Goal of the exercise:
In the records below, find the line that contains "Spacious In With Roofed Terrace Hemmet" and the line that contains "302 Lakeview Dr, Glennville, GA". Set down exactly those lines and every line between them, and nothing more.

The data:
---

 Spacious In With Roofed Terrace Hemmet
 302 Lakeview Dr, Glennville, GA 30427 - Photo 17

---

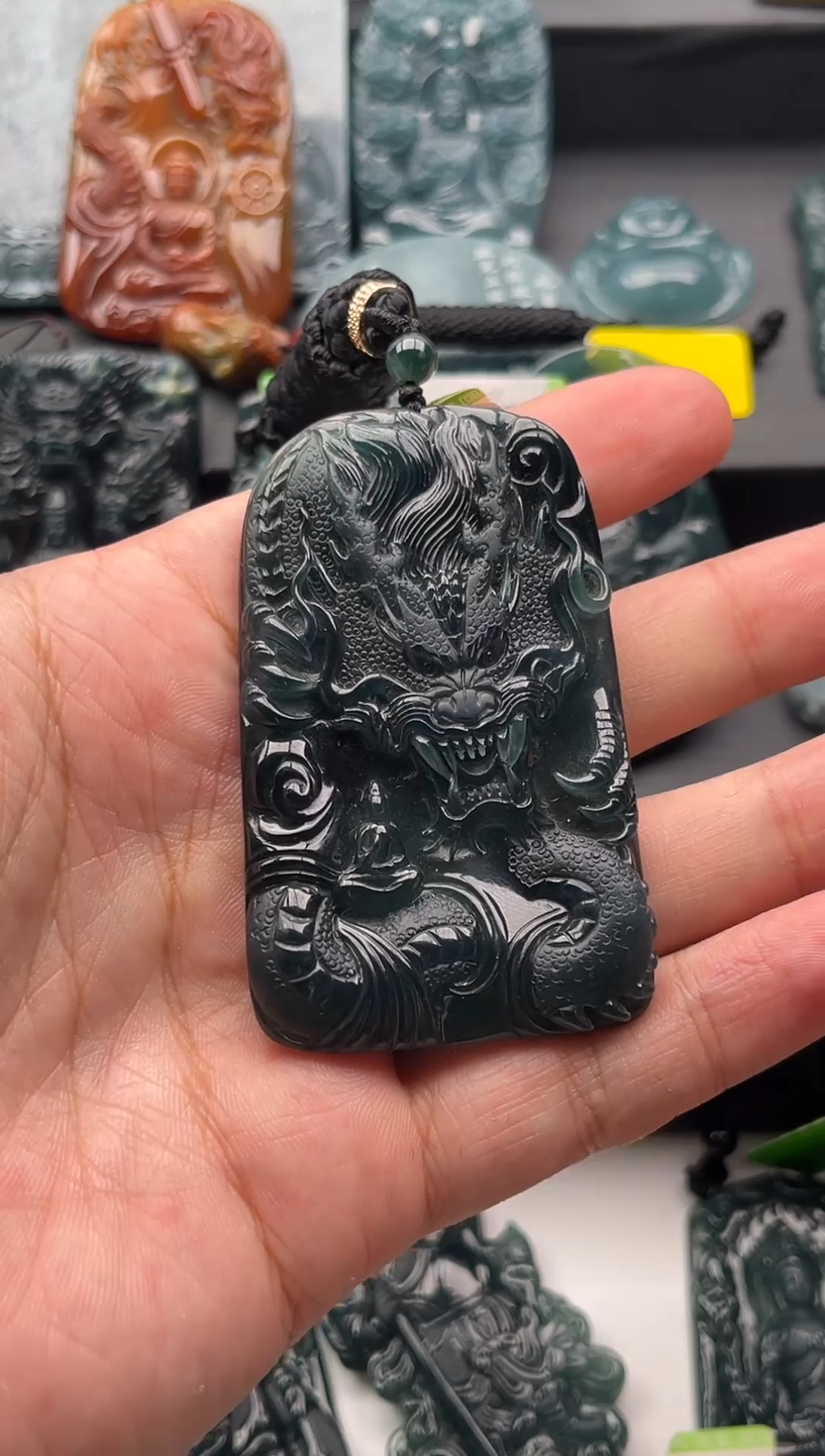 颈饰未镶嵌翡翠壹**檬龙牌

---

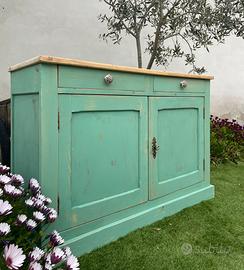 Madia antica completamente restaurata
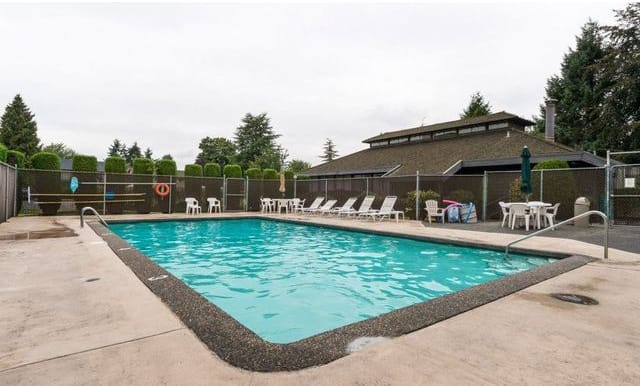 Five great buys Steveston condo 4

---

Written solution:
 Spacious In With Roofed Terrace Hemmet
 302 Lakeview Dr, Glennville, GA 30427 - Photo 17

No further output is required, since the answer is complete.